I’m a born-and-raised South Floridian, and I’ve always been a weather buff. One thing that always fascinates me is the shift from the dry season to the rainy season.
One day in May, things just change overnight. Bluer skies, lower humidity, and cool front-driven weather morphs into an environment marked by almost-daily afternoon thunderstorms, high humidity, and tropical conditions. You can basically repeat the same forecast every day until October — even though our local weathermen and women try their best to come up with new ways of saying the same old thing!
We just experienced the 2016 shift this week, and there is literally no way you can fight the change. You just have to crank up the A/C, drink a heck of a lot more water when you exercise, get your hurricane plan and supplies ready, and accept it’s going to happen year in and year out.
I actually see a lot of parallels to today’s markets. When the credit and economic cycles turn, there’s nothing investors can (or should) do to fight that shift. They just have to adapt. That’s why I’ve been advocating all of the following strategies for months:
Dump cyclicals and buy recession-resistant stocks …
Unload risky bonds and shift funds into high-quality ones …
Hedge against downside risks with inverse ETFs …
Target vulnerable names in sectors like retail, financials, technology, and materials for potentially huge downside profits, just like I’ve been doing in my All Weather Trader service.
How has that worked out? Well, I shifted to a much more conservative stance early last summer. We’ve had two major swoons since then, including last August’s meltdown. Based on my reading of the economic and fundamental backdrop, we could see another one very soon.

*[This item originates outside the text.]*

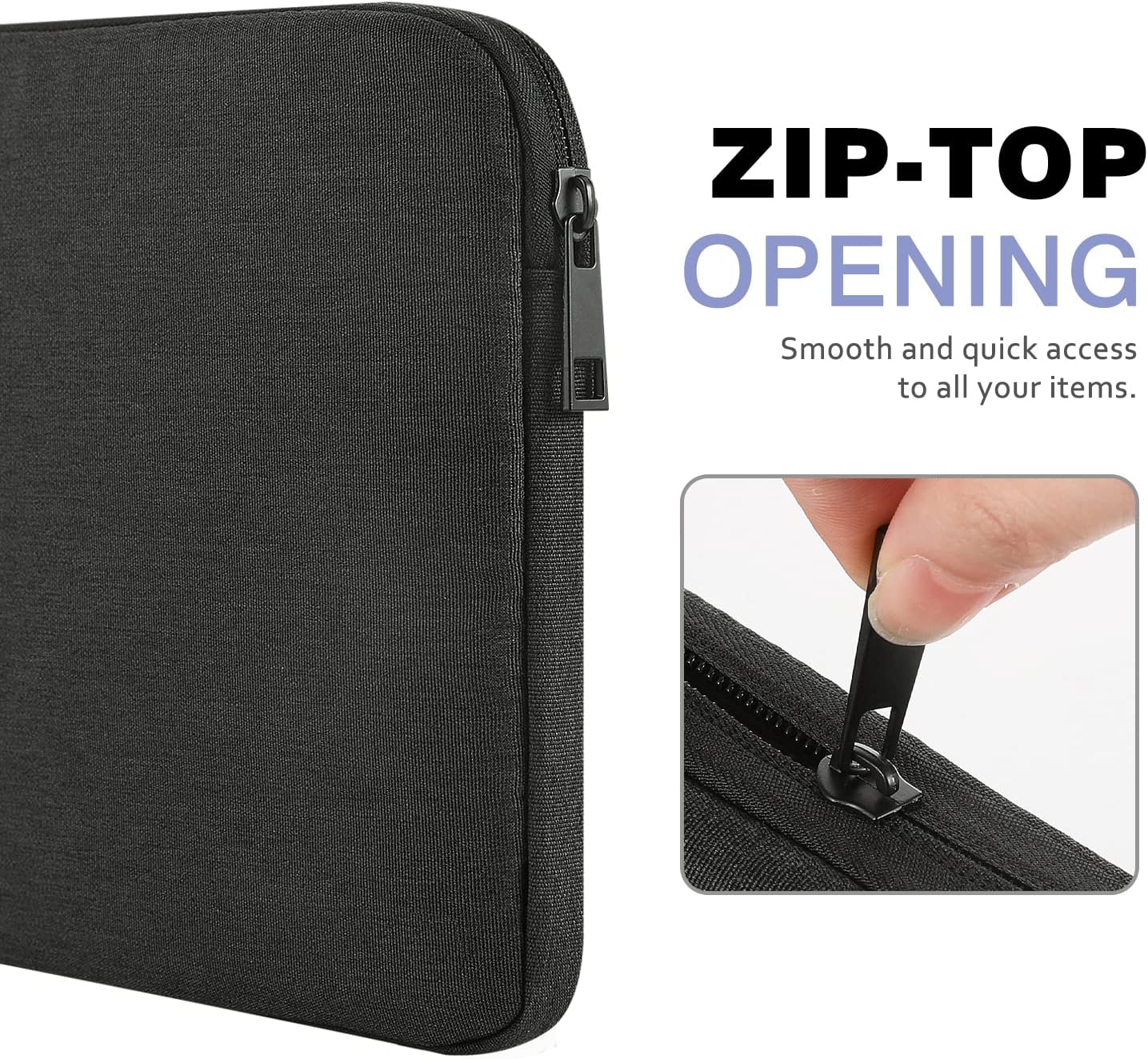 MoKo 9-11 Inch Tablet Sleeve Bag Carrying Case Fits iPad Pro 11 M5/Air M3, iPad A16 2025, i-Pad 10th 10.9, i-Pad 9/8/7th Gen 10.2, iPadAir 5/4th 10.9, Tab S8 11"/Tab A 10.1,Cloudy Pink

So my advice hasn’t changed one bit.
Of course, policymakers are having a hard time accepting this cyclical shift. When you’re a politician or a Treasury secretary or a monetary policymaker, you can’t come out and say you’re impotent … and you can’t just sit there doing nothing. You have to try to keep the illusion of control going, and you keep churning out the happy talk. That’s true even if it won’t accomplish anything.
|How many times have we seen the Bank of Japan launch yet another round of QE, or NIRP, or asset purchases?|
I mean, how many times have we seen European Central Bank President Mario Draghi claim his policies are working … then be forced to unveil yet another policy a few months later when inflation and growth don’t live up to the expectations he himself laid out?
How many times have we seen the Bank of Japan launch yet another round of QE, or NIRP, or asset purchases … because the last round utterly failed to meet its goals?
How many times have the Chinese said how fundamentally strong their economy is … only to turn around and launch yet another stimulus program, even if doing so just keeps igniting rolling bubbles in stocks, property, and most recently, commodity futures?
My advice? Don’t waste your time trying to fight what you can’t fight. Change and adapt to the inevitable, just like I do every time we flip from the dry to wet season here in Florida. That strategy will help you preserve and build profits as the “Everything Bubble” bursts, and this down cycle in credit worsens.